Infatti, è proprio in questo sogno che Salomone chiede il “cuore docile”, un “cuore giusto e buono” che non domanda per sé, ma per l’altro e la cui occupazione non è il desiderio dell’io da realizzare bensì il bisogno dell’altro da ascoltare: «hai domandato per te di amministrare la giustizia» (v. 11). In ebraico suona diversamente: «hai domandato per te l’intelligenza per ascoltare il diritto».
La Sapienza che va richiesta al Signore è credere che la cosa più importante della vita non è ampliare e realizzare lo spazio dell’io desiderante, ma metterlo in crisi e convertirlo in amore e responsabilità per l’altro.
In questo desiderio Dio è presente e compiacente dando fioritura al principio della bontà e della giustizia: «Ti concedo anche quanto non hai domandato, cioè ricchezza e gloria» (v. 13).
Salomone è colui che ha colto la sorgente che zampilla nella sua vita. Codesta sorgente è in ciascuno di noi, e non viene da fuori, perché «Il regno di Dio è in voi» (Lc 17,21). Anche la donna che aveva perduto la sua dracma non la ritrovò fuori casa, ma dentro la casa (Lc 15,8-10).
La Sapienza è un continuo “accendere la lampada” e “spazzare la casa” per ritrovare se stessi dove vi è l’immagine di Dio, quella stessa immagine posta fin dal principio (Cfr. Gen 1,26). Salomone fa’ risplendere dentro se stesso questa immagine di Dio da poter contagiare tutto e tutti (Cfr. 1Re 5).

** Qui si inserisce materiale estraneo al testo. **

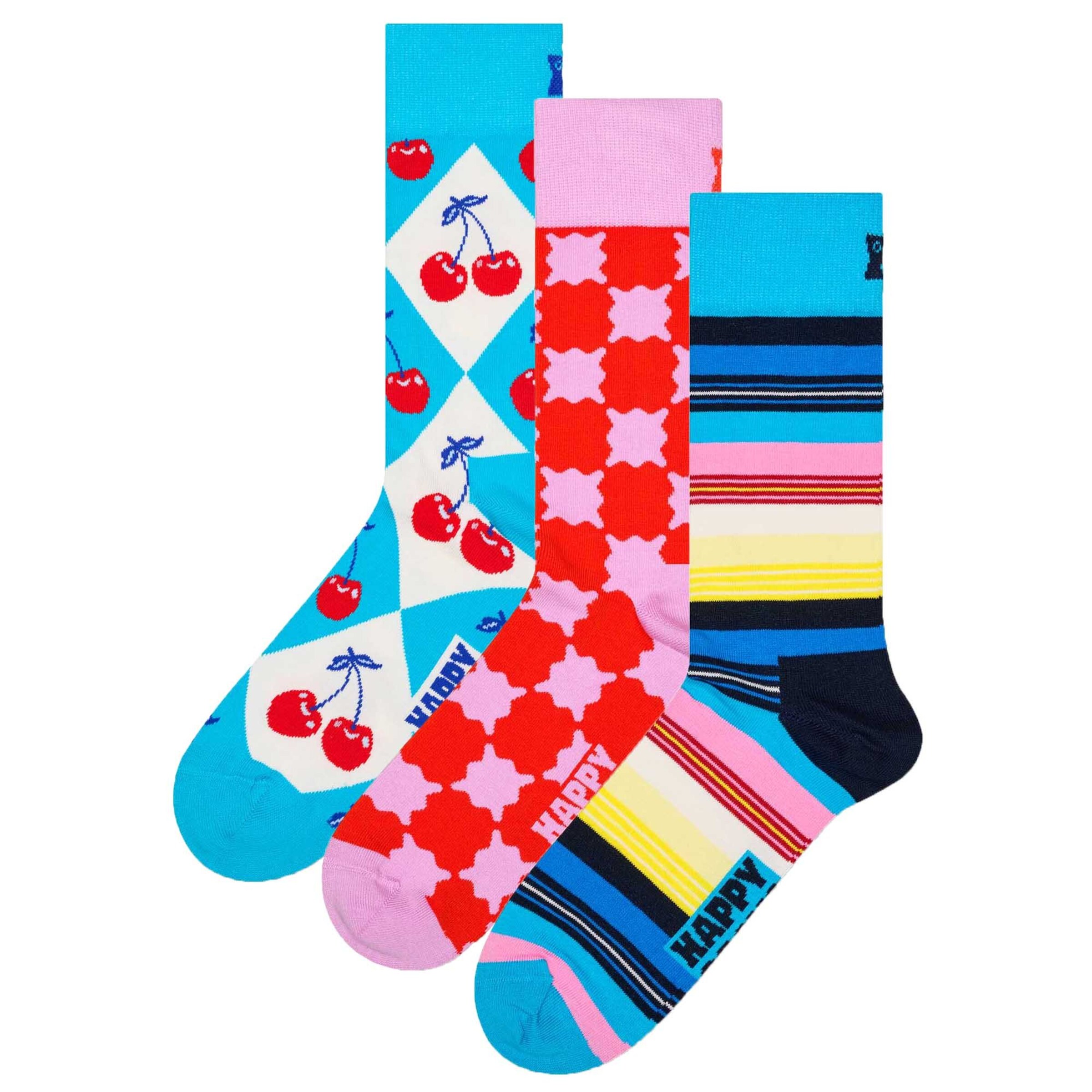 Happy Socks Ponožky 'Cheks and Stripes' – modrá: přední strana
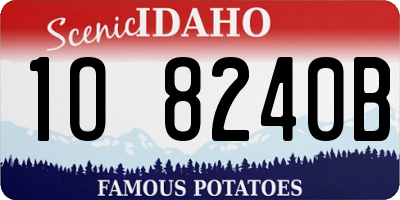 ID license plate 1O8240B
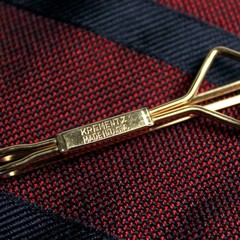 Vintage 1940s Modernist Krementz Rolled Gold Red Glass Cabochon Tie Clip Bar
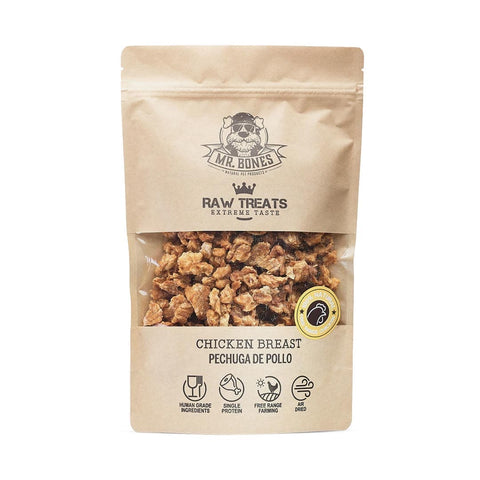 Mr. Bones Raw Treats Vrije-uitloopkipfilet – 100% natuurlijke hondensnack van kipfilet, langzaam gedroogd, ideaal als beloning, trainingssnack of snuffelspelletje (400 gram)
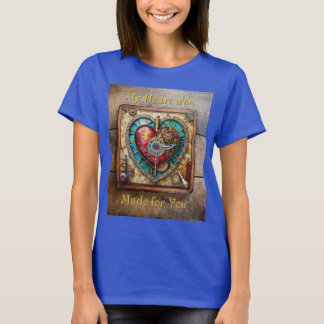 Solrosfärgat glas hjärta Steampunk-serien T Shirt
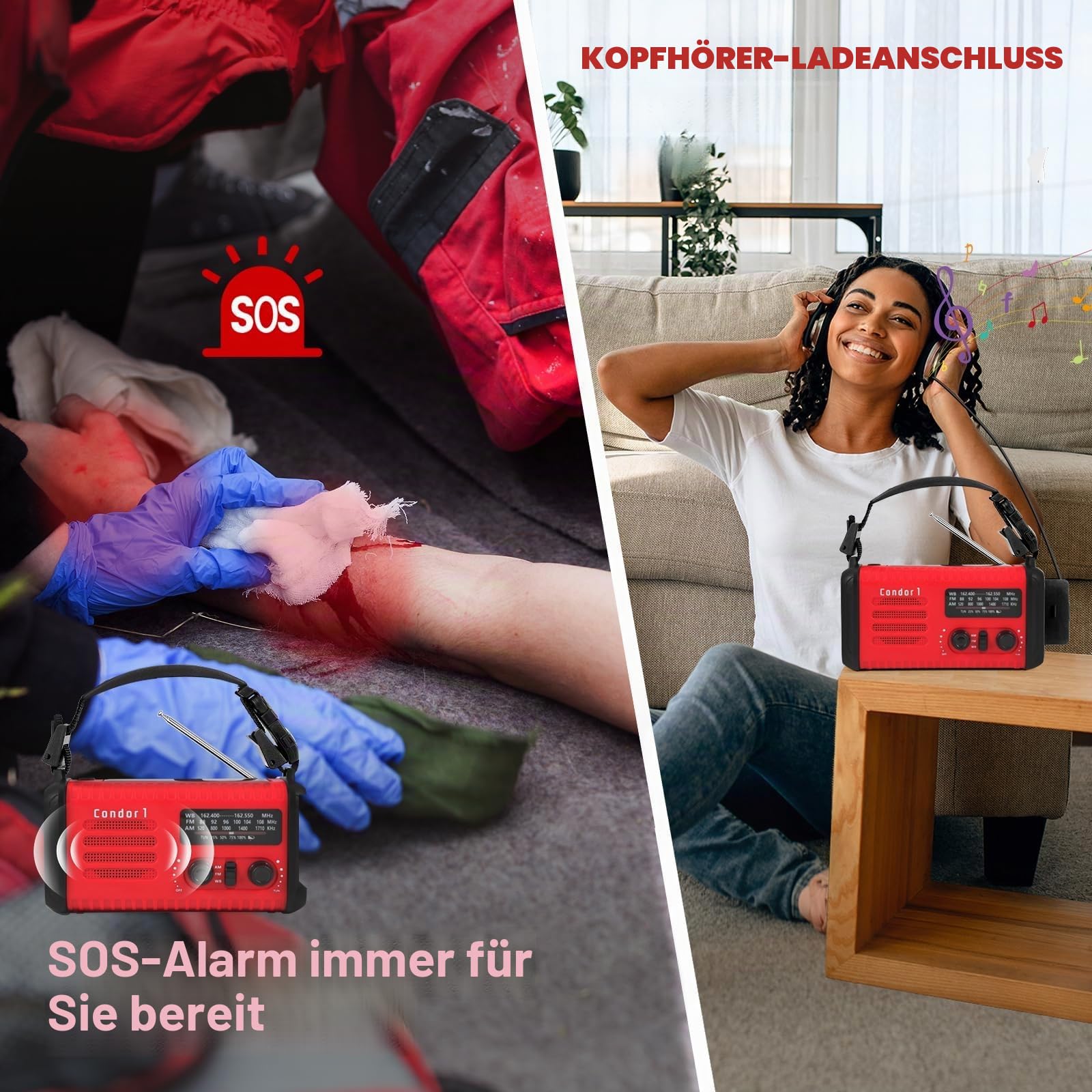 20000mAh Notfallradio, Solar-Handkurbel AM/FM Wetterradio, Handy-Ladegerät | 74000mWh Selbstladend per Kurbel & Solar: LED-Leuchte, Leselampe, Notblinker, USB-Buchse, Kopfhörer, SOS. Für Outdoor.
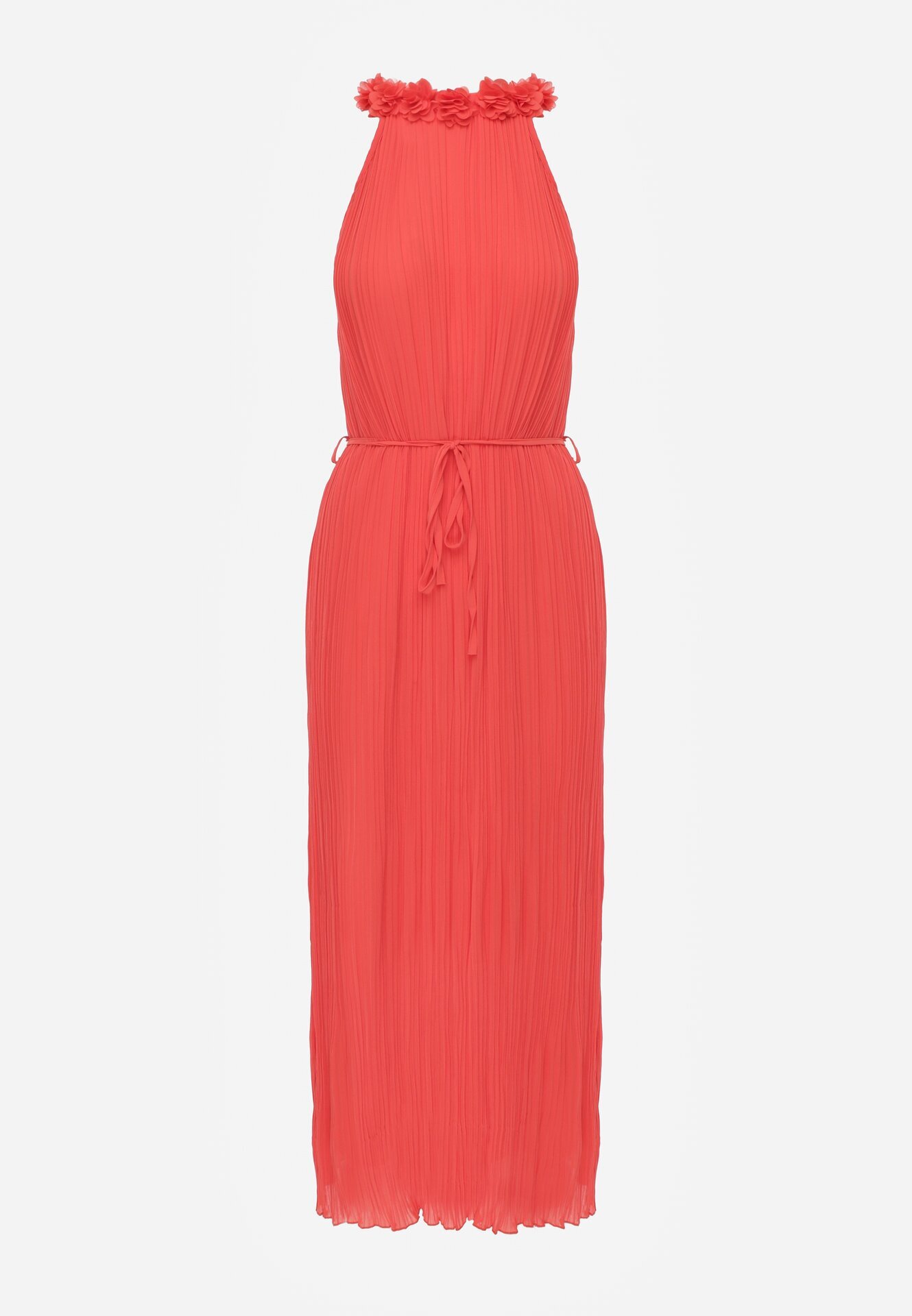 bisou's project Rochie Roșie cu Aplicații Decorative și Decolteu Halter cu Curea Material Dimnatti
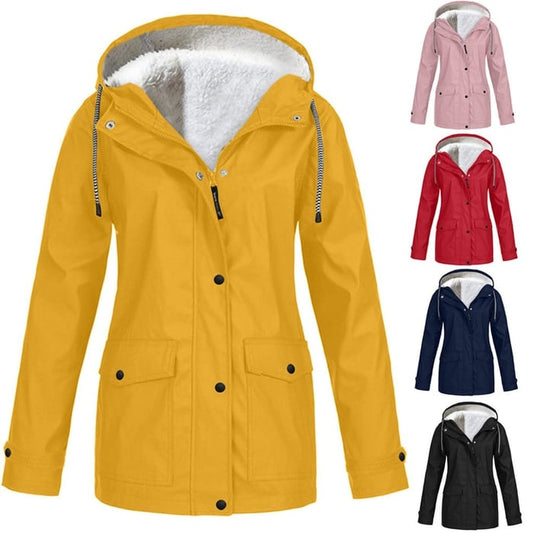 ❄️ Cold-Weather Comfort | Women's Warm Fleece-Lined Hooded Jacket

Il “prediletto del Signore” sarà colui che fa risplendere in se stesso e negli altri «l’immagine dell’uomo celeste», il Figlio di Dio e dal suo seno sgorgherà per tutti, fiumi d’acqua viva (Gv 7,38).

interrogarsi
1. Quale sogno responsabile mi porto dentro?
2. In cosa consiste il “cuore docile” che Salomone invoca da Dio?
3. Come faccio risplendere l’immagine di Dio che è in me?
4. Quale saggezza vado coltivando: quella egoistica o una saggezza responsabile per l’altro?

preghiera
Cerco… sogno… desidero… voglio…
Ogni giorno, Signore, il mio volere sempre più… vuole.
Ma al mio cuore tutto questo non basta
e resta sempre più vuoto.
Ti prego, Signore, concedimi un cuore intelligente e saggio che sappia riconoscere il volto dell’altro. Amen.

actio
Ogni giorno medita la Parola, “accendi la lampada” e “spazza la casa” per ritrovare te stesso dove vi è l’immagine di Dio, facendola risplendere nel volto dell’altro.